● TASK DIRECTIONS: Each line of the data must be written out again verbatim; no image belongs in the copy.
== Segment start ==
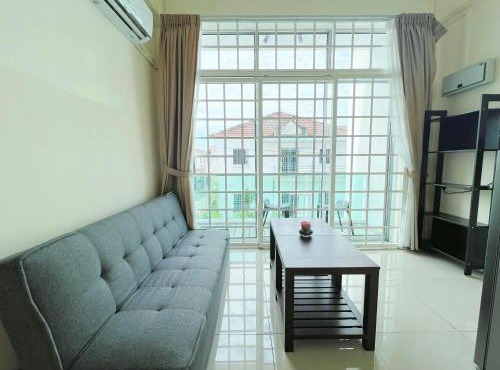 Cozy 2-Bedroom Balcony Suite with Living Room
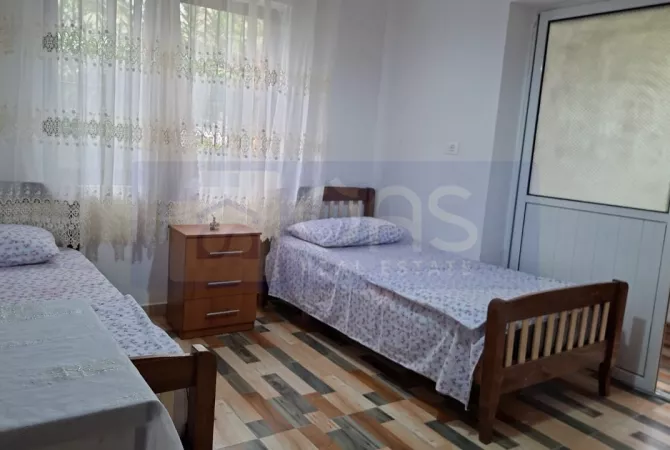 Jepet me qera apartament 2+1+ballkon tek Shkolla e Bashkuar.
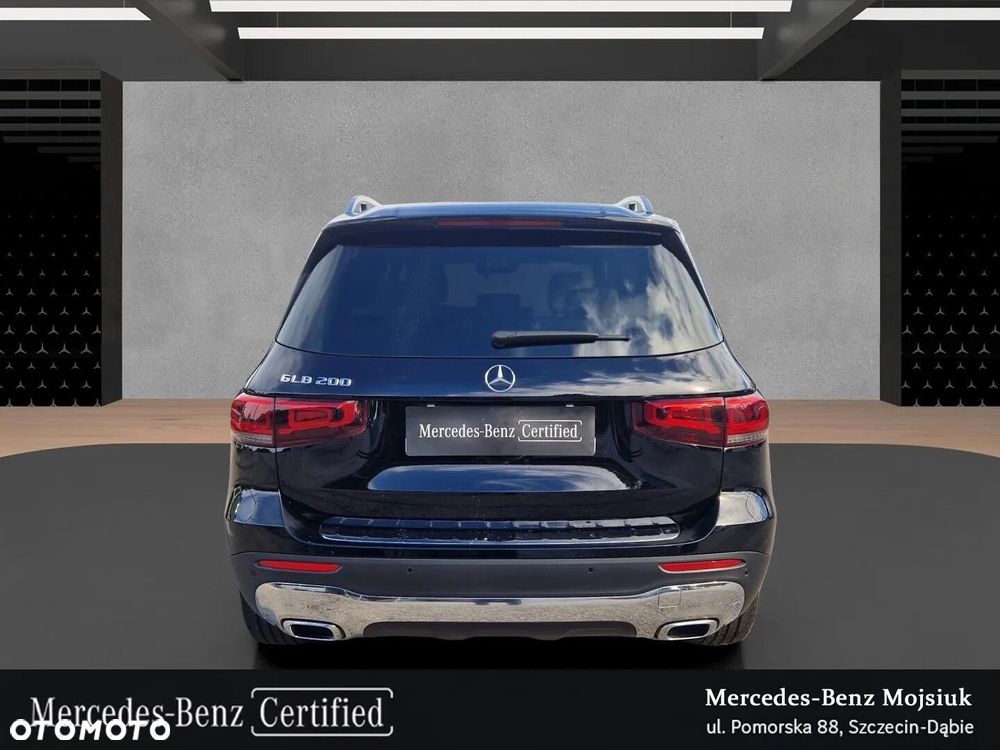 Mercedes-Benz GLB - 6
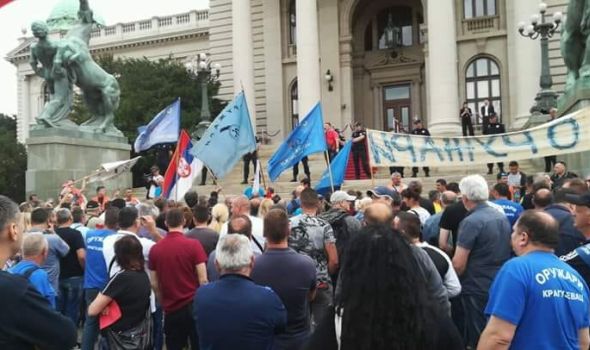 Završen protest oružara u Beogradu: "Lopovi! Lopovi!" i crveni kartoni za poslanike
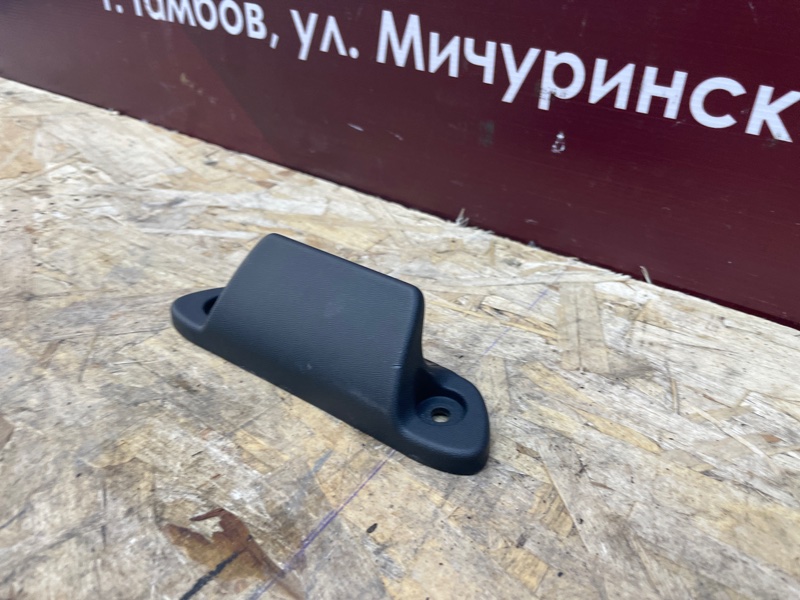 Ручка открывания багажника - фото 2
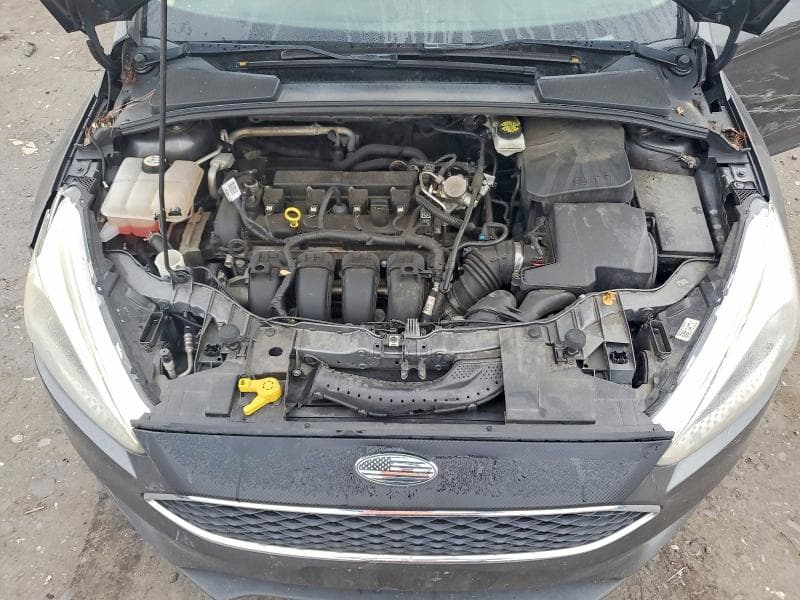 2017 FORD FOCUS SE 11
== Segment end ==
● TASK OUTPUT:
 Cozy 2-Bedroom Balcony Suite with Living Room
 Jepet me qera apartament 2+1+ballkon tek Shkolla e Bashkuar.
 Mercedes-Benz GLB - 6
 Završen protest oružara u Beogradu: "Lopovi! Lopovi!" i crveni kartoni za poslanike
 Ручка открывания багажника - фото 2
 2017 FORD FOCUS SE 11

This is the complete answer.